Türkiye will not accept any condition on using F-16 fighter jets it demands from the United States, Turkish Defense Minister Hulusi Akar said
He was referring to Greek lobbying and a bill approved by American lawmakers, creating a new hurdle for any purchase by Türkiye.
“We want to make it clear that we will not accept this. We evaluate that this can be improved with the work to be done in both the White House and the Senate,” he said.
Akar was speaking in an interview with Turkish broadcaster A Haber where he said there is no sign so far that the sale process will result in a negative result such as delay or making it conditional.
He said the negotiations between the military delegations of both sides are continuing as expected and that they are currently discussing technical details.
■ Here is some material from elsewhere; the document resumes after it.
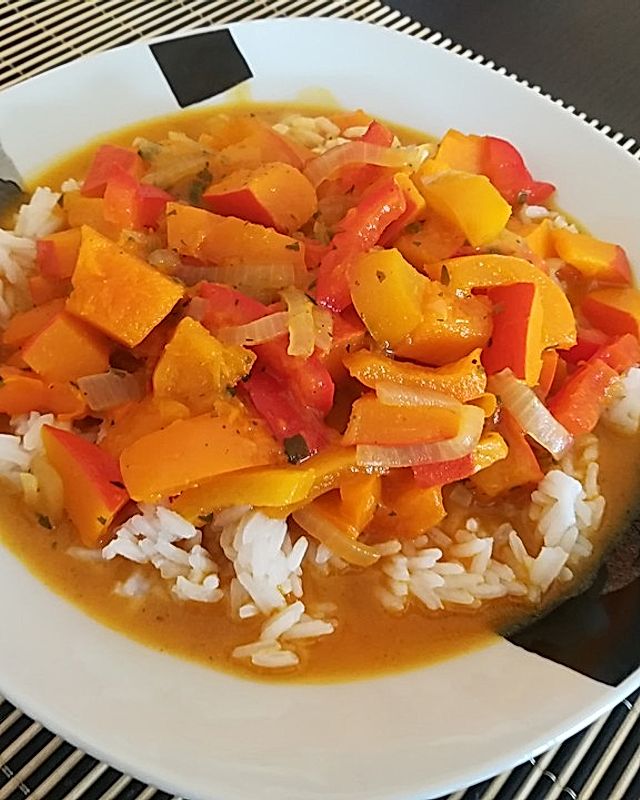 Kürbis-Paprika-Curry mit Basmatireis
“We are studying what could be technically possible regarding the radars, electronic warfare systems and simulations in the new aircraft we will buy,” he said.
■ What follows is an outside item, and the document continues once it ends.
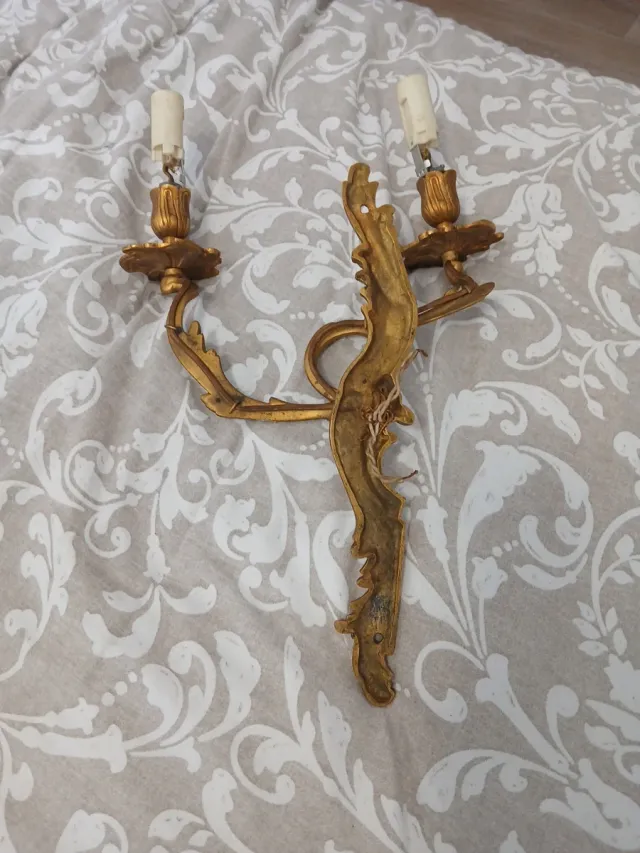 Pareja apliques Rococó / Luis XV dorados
Three meetings have been organized so far in Türkiye in January-March 2022.
U.S. President Joe Biden has said he would work to convince lawmakers to deliver the F-16 jets for Türkiye’s air force. A Turkish delegation flew to Washington on Aug. 15 to follow up on Biden’s pledge.
President Recep Tayyip Erdoğan in May said Greek Prime Minister Kyriakos Mitsotakis “no longer exists for him” after his lobbying effort against Türkiye in Congress to block the sale of the F-16s.
Last month’s bill marks the latest effort by the House, known for its anti-Ankara stance that has repeatedly damaged bilateral relations, to exert control over the sale of the Lockheed Martin aircraft to Türkiye.
Türkiye, in October last year, made a request to buy 40 F-16 fighters and nearly 80 modernization kits to upgrade its aging fleet in what is estimated to be a $6 billion (TL 109.8 billion) deal.
The process to finalize the defense bill, known as NDAA, is lengthy, and the Senate will also have to back similar language before it can be sent to Biden’s desk to be signed into law. Revisions to the bill in its current form are all but certain. However, the president can veto such legislation.
The sale of U.S. weapons to Türkiye became contentious after Ankara acquired Russian-made S-400 defense missile systems. The deal triggered U.S. sanctions as well as Türkiye’s removal from the F-35 fighter jet program.